At the centre of this transition is a simple but widely misunderstood principle: you do not use AI by commanding it.

Traditional machines respond to instructions. You tell them what to do, they execute, and the interaction terminates. There is no interpretation and no ambiguity. Humans do not communicate with machines in this model; they issue orders. This paradigm has shaped human–machine interaction for decades, and it has been remarkably successful within its constraints. However, that same paradigm breaks down the moment interpretation becomes part of the system.

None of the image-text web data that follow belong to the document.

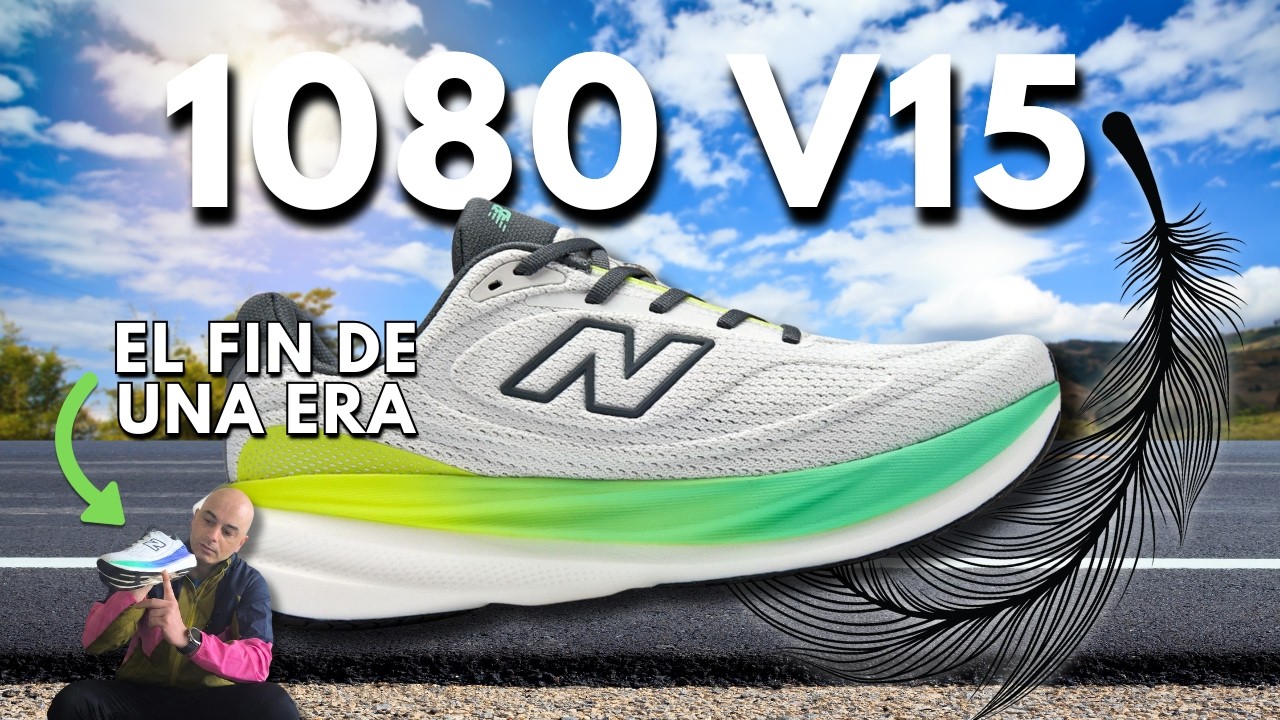 ¡Adiós al Fresh Foam! New Balance 1080 v15 REVIEW: ¿Error o Acierto? 40 gramos menos 🪶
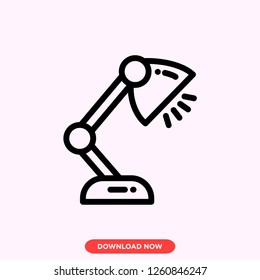 Lamp icon modern vector style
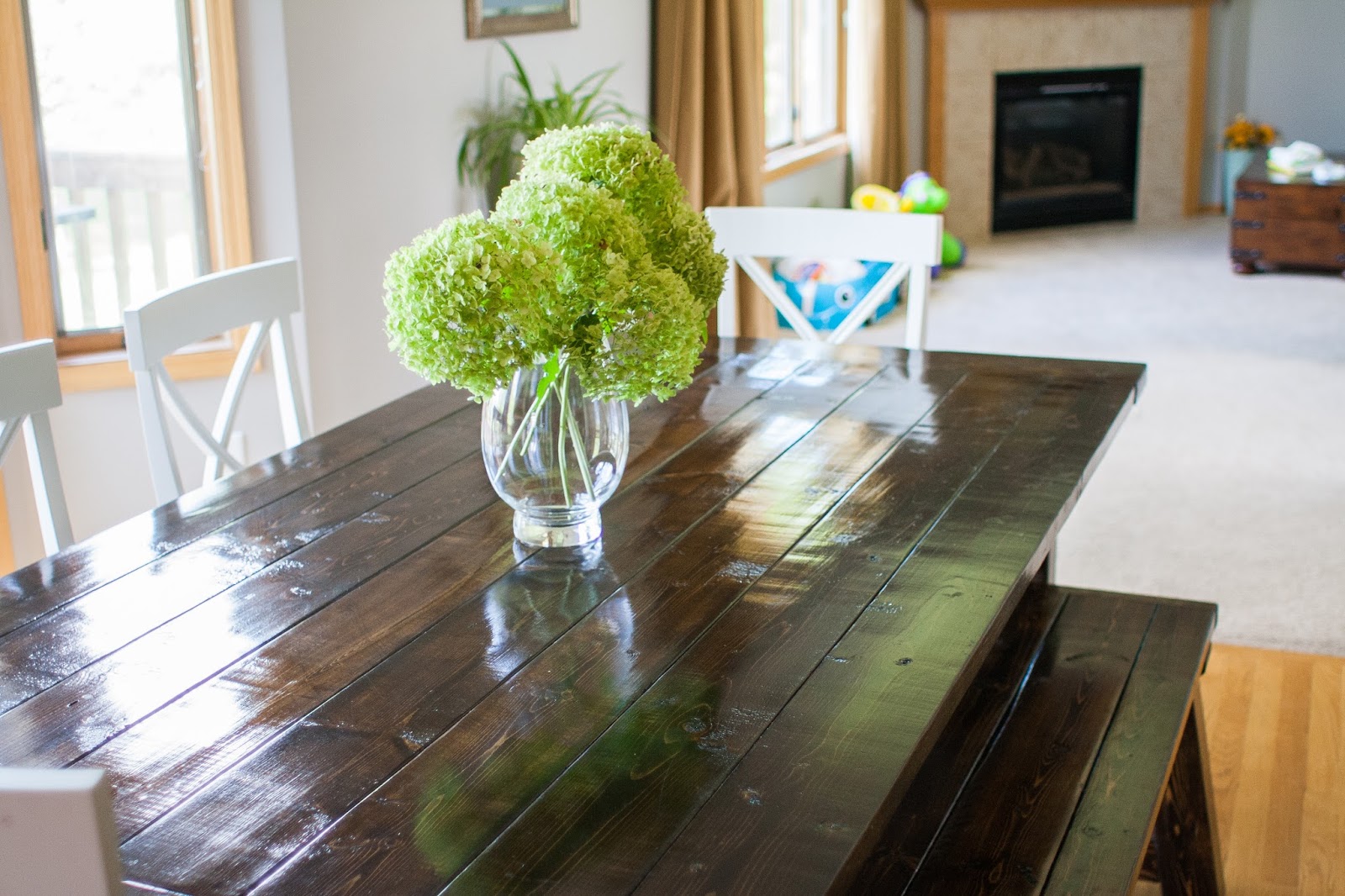 Little Blessings: DIY Farmhouse Table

AI changes this completely.

Whether we are discussing a natural language model or a computer vision system processing environmental and sensor data, the underlying mechanism is interpretation. Inputs are received, contextualised, and transformed. Meaning is inferred rather than dictated. In this sense, AI does not behave like a machine in the classical sense at all. It behaves like an interpretive system.

This distinction becomes clearer when we consider non-linguistic AI systems. A conventional neural network embedded in a physical environment does not receive typed commands. The environment does not issue instructions. A camera captures light. A sensor detects motion, pressure, temperature, or sound. That raw environmental data is interpreted within context and transformed into something actionable. The system functions because it is designed to make sense of signals, not to follow orders.

Language functions in exactly the same way.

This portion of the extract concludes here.